T Nation

Heart and Soul of the GOP


#1

There was an interesting political discussion that I viewed recently.

The essence of it was that the "more" interesting question to be answered during this Political cycle will not so much be the Presidency; those Political lines are clearly drawn, and have been even before the President took office.

The more interesting question is what will come out of the GOP Primary as the "real" or "Heart and Soul" of the GOP, as we move further into the second decade of the Century.

Will it be the Tea Party/Evangelical/unyielding/non-compromising very ideological driven wing of the GOP represented now by who appears to be Rick Perry?
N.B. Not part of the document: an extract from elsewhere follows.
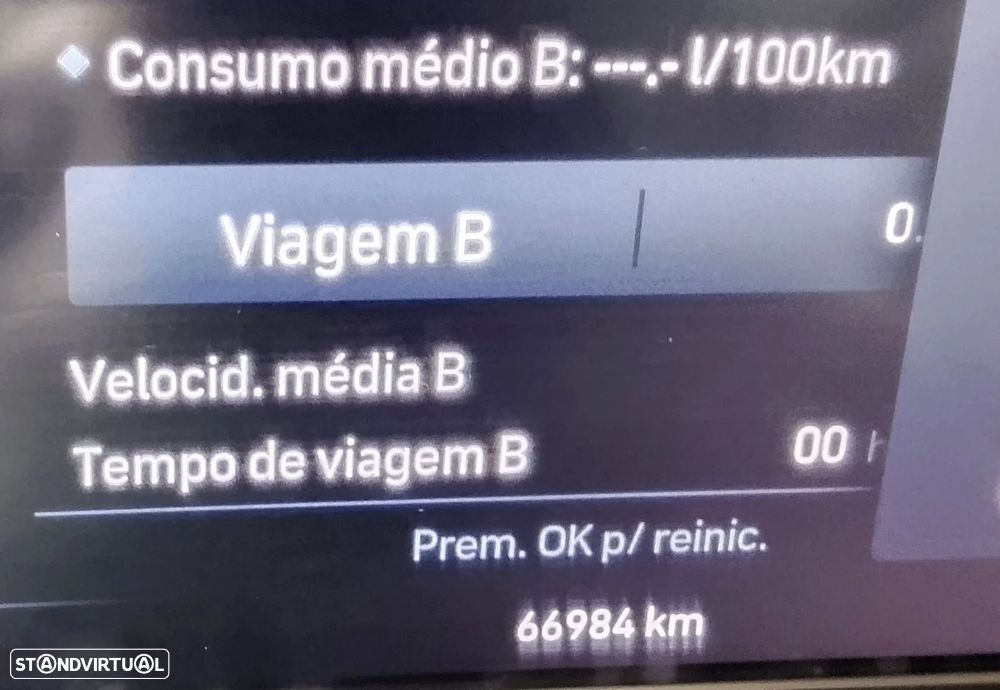 Fiat Tipo Station Wagon 1.0 GSE T3 City Life - 5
Or will it be the "less" (albeit still conservative)/mainstream/more compromising (again, still conservative)/"more mainstream"/Boehner-McConnell wing of the GOP, represented by Romney?

The discussion went on to point out something that I also believe; that even though both "wings" like to evoke the memory of Ronald Reagan; Reagan would have been too "liberal" to make it through even a Primary today; and that even if he did, much of his legislation (that included tax increases); or compromises with Tip O'Neal; would have never seen the light of day.

What this all does is make it extremely unclear who will win the GOP Primary (and that's among some pretty experienced political pundits); but that whomever wins (Perry or Romney) will help in further defining the GOP for some time to come.

Thoughts?

Mufasa


#2

Interesting topic Mufasa, but you've got Reagan all wrong. Reagan was the most conservative man ever to get elected to the Presidency. And I dare say would have fit in quite well with the current Tea party. From holding the line with the then Soviet Union to lowering personal income tax rates to the lowest in our country'r history, Reagan was a small government conservative all the way. Yes, spending did increase but unlike Obama Reagan did not have both houses of congress republican and the democrats had charge of the purse strings.

As for anyone thinking that the Tea Party is too conservative think again. What they actually stand for is a return to a time when we didn't spend more than we brought in. As for social issues they are for family values, something that Ronald Reagan preached about regularly.

What YOU and others should be asking is how did we ever elect such a far left President as Obama? (Not to mention his incredible lack of experience.) Certainly he is the most liberal democrat to ever hold such a high office. How we did that was basically three fold:

1- He ran a great campaign and was a spectacular candidate. Here's a clue to those who still don't get it. With the average voter it's not about philosophy, it's about personality. You can berate him for that, you can ignore that, you can do whatever you want with it, but it is most certainly true,

2- People were sick of GW Bush and 8 years of republican rule (by the way part of the reason people were sick of Bush was the continuous media pounding that he had to endure). The pendulum always swings in the opposite direction when people get tired of one party.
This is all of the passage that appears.